Philippine mango (the national fruit) is known worldwide as the best tasting variety of Carabao mangoes in the world. Philippine mangoes have a distinct rich taste, no turpentine taste, not fibrous and high nutritional value compared to other cultivars. Philippine Carabao mangoes are available year-round but the best tasting fruits are those picked during the summer months.
Filipinos who grew up in the Philippines and migrated to the U.S., miss the delicious Philippine Carabao mangoes when faced with bland tasting mangos imported from Mexico. “Philippine mangoes” sold in the U.S. are from Mexico while “real” produce from the Philippines are marketed as “Manila Super Mangoes.”
[ That’s news to me. I’ll weigh in with my opinion: Mexican mangoes are puny compared to Philippine mangoes. Mexican mangoes are excessively fibrous when eaten as fresh fruit. Mexican mangoes are also smaller than Carabao mangoes; they’re about the size of Indian mangoes. ]
Mexico is the world’s top exporter of fresh mangoes cornering approximately 40% share of mango exports while India is the world’s top producer of mangoes producing more than half of the world’s mango output. The United States is the world’s biggest importer of fresh mangoes.
Being world-class means being able to take on all comers. Like the Alphonso.
NPR, or National Public Radio, is a respectable independent radio station in the U.S. popular as a Main Street alternative to the regular networks of ABS, CBS, NBC, Fox. From an NPR story:
There are said to be some 1,500 varieties of mangoes in India. Only a couple have been cleared for export to the U.S. One, the Alphonso, is known as the King of Mangoes in India.
For a more unbiased opinion, I took my shrink-wrapped Alphonso to Elizabeth Falkner, chef and author of Demolition Desserts. We stood in the bustling kitchen of Orson, her restaurant in San Francisco.
First she tried the little yellow Mexican mango. She liked it; it’s pretty much what she’s used to in a mango.
Then she tried the big red and green Guatemalan one.

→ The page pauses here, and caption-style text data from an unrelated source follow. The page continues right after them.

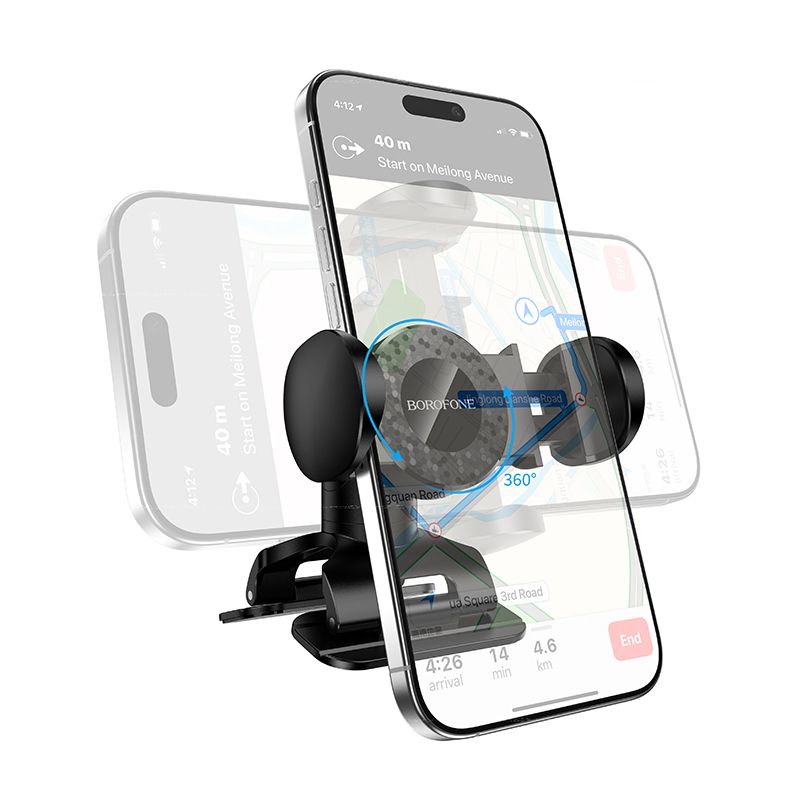 Автотримач для телефона BOROFONE BH142 Support pull clip car holder (center console) Black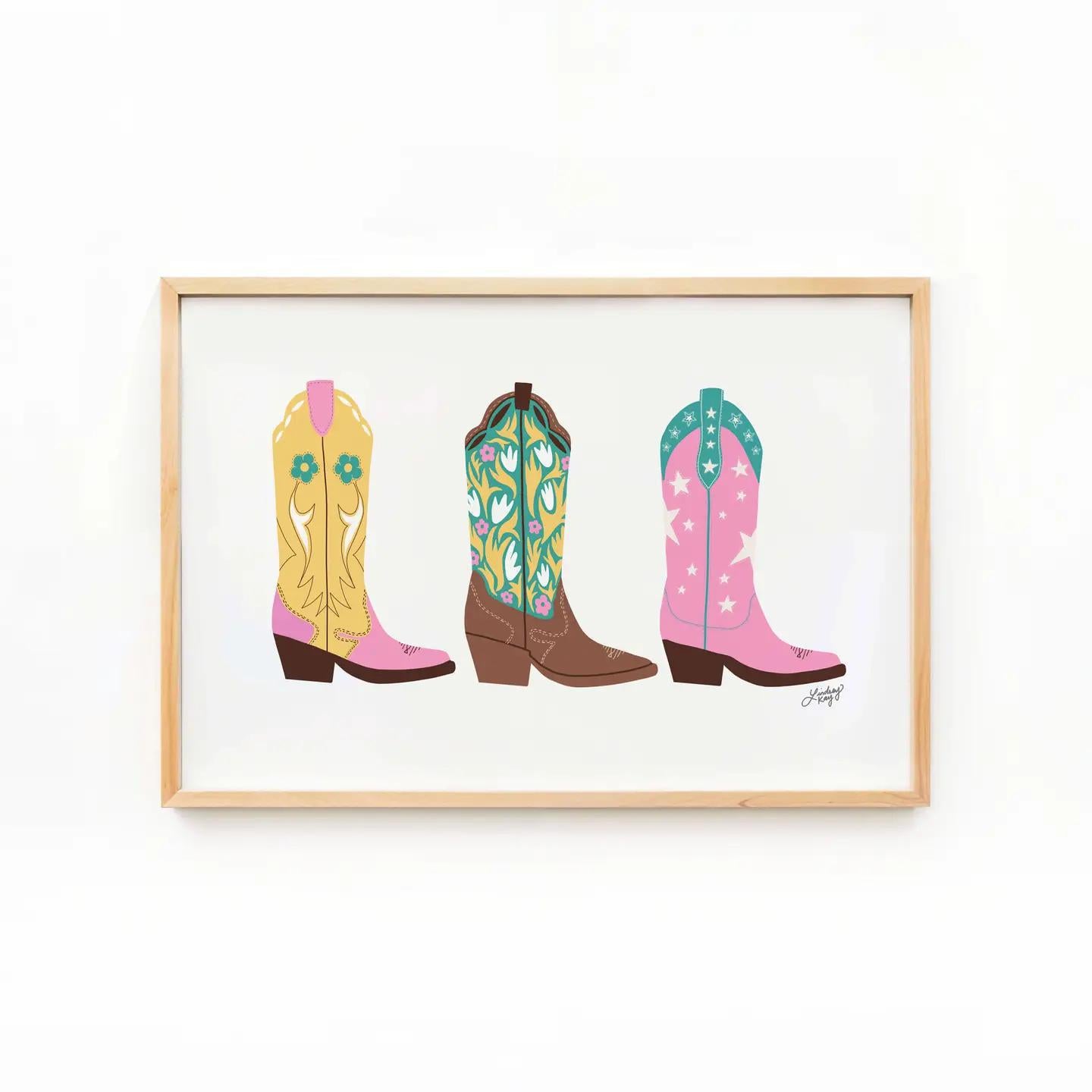 Cowboy Boots Illustration (Pink/Teal) - Art Print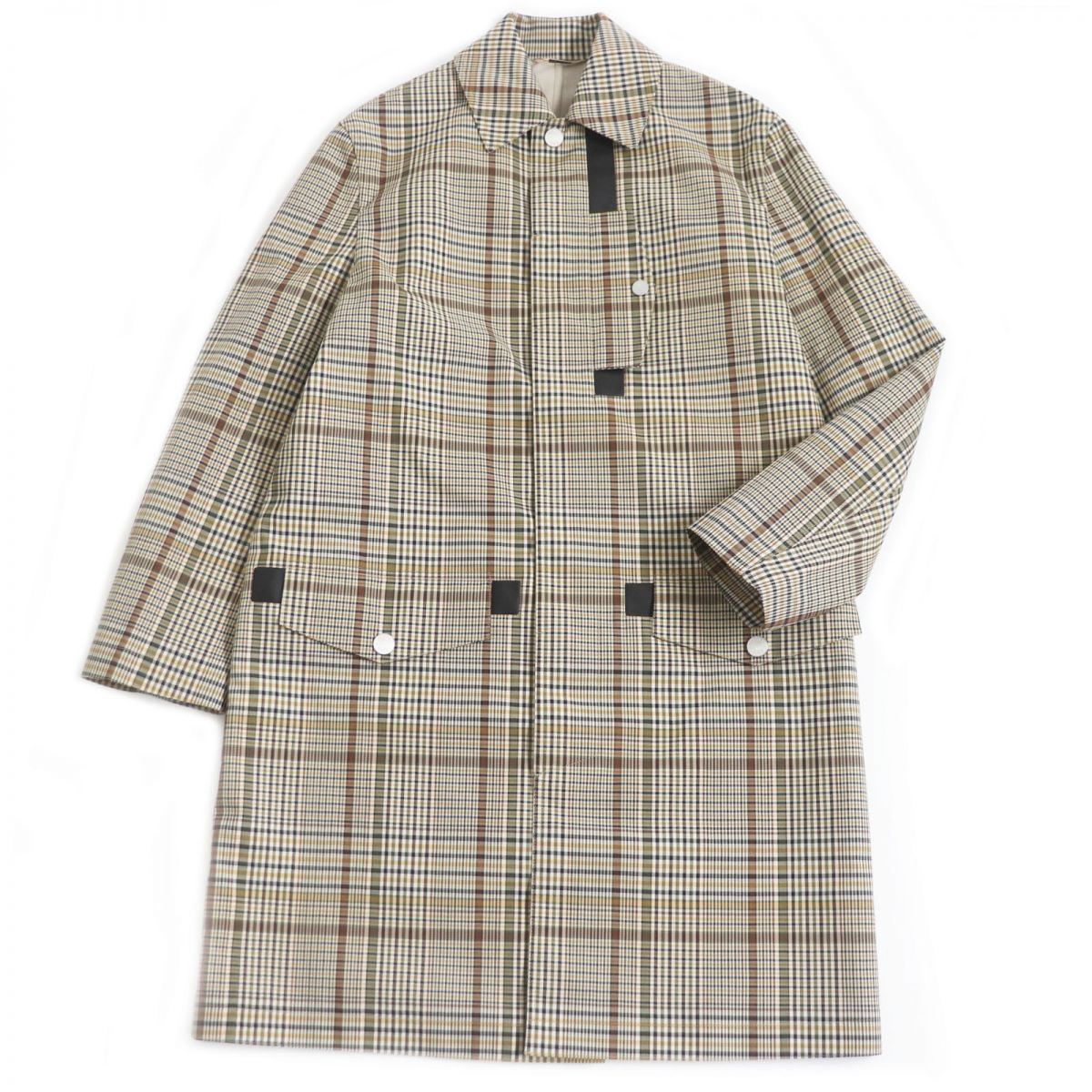HERMES Stainless collar coat Outer: 100% wool, Lining: 100% cotton, Part: 100% sheepskin Brown type mens 44 d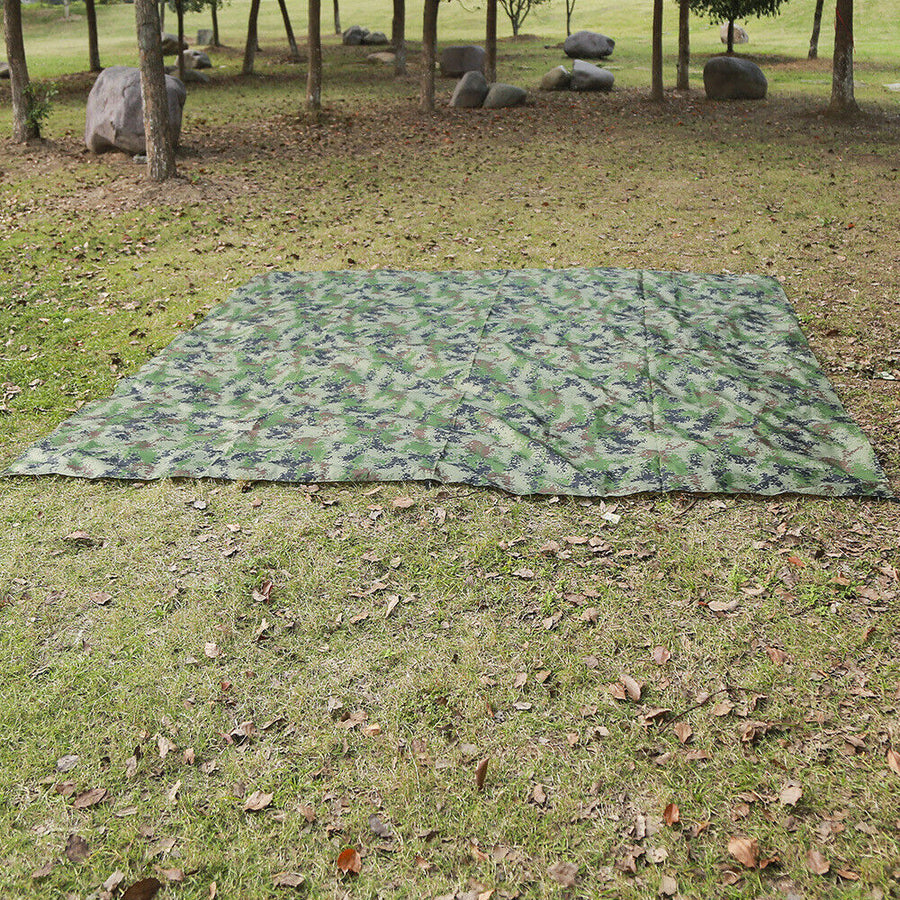 Camping hammock with tent shown in a camouflage color option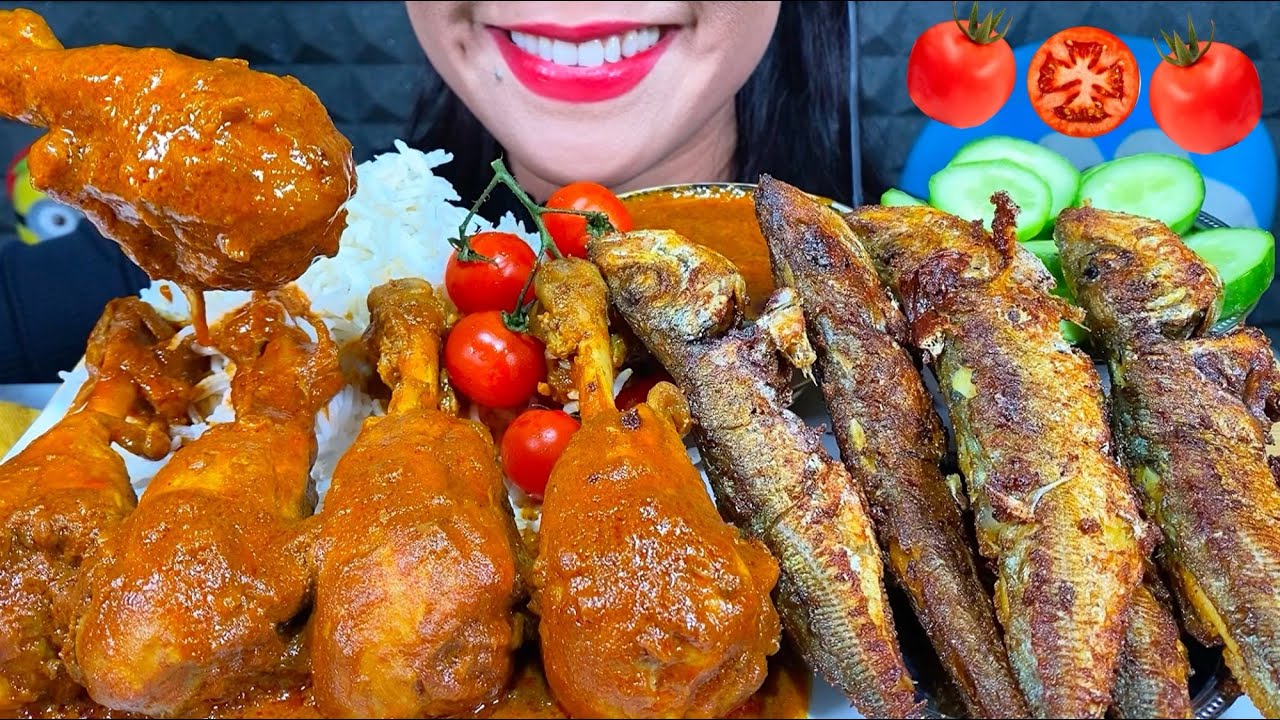 ASMR SPICY CHICKEN CURRY, FISH FRY, BASMATI RICE MUKBANG MASSIVE Eating Sounds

“There’s a stringiness to them. And that’s something I’m not really crazy about. They taste more like vegetable than fruit.”
And the Alphonso.
“Oh my god. That is really good. Mmmm. They have a really different flavor than most mangoes I’ve had. It’s a deep sort of sweetness, almost like a caramelized sweetness. Wow, can you tell me where I can buy these now?”
The Alphonso is still king, even when it’s eaten in a kitchen in San Francisco. But I still crave that first mango of summer in Calcutta, the juice dripping down my chin, the cool orange flesh the only thing that made the muggy days bearable.
I wonder how our Carabao Mango stacks up to the Alphonso! Maybe they’re one and the same.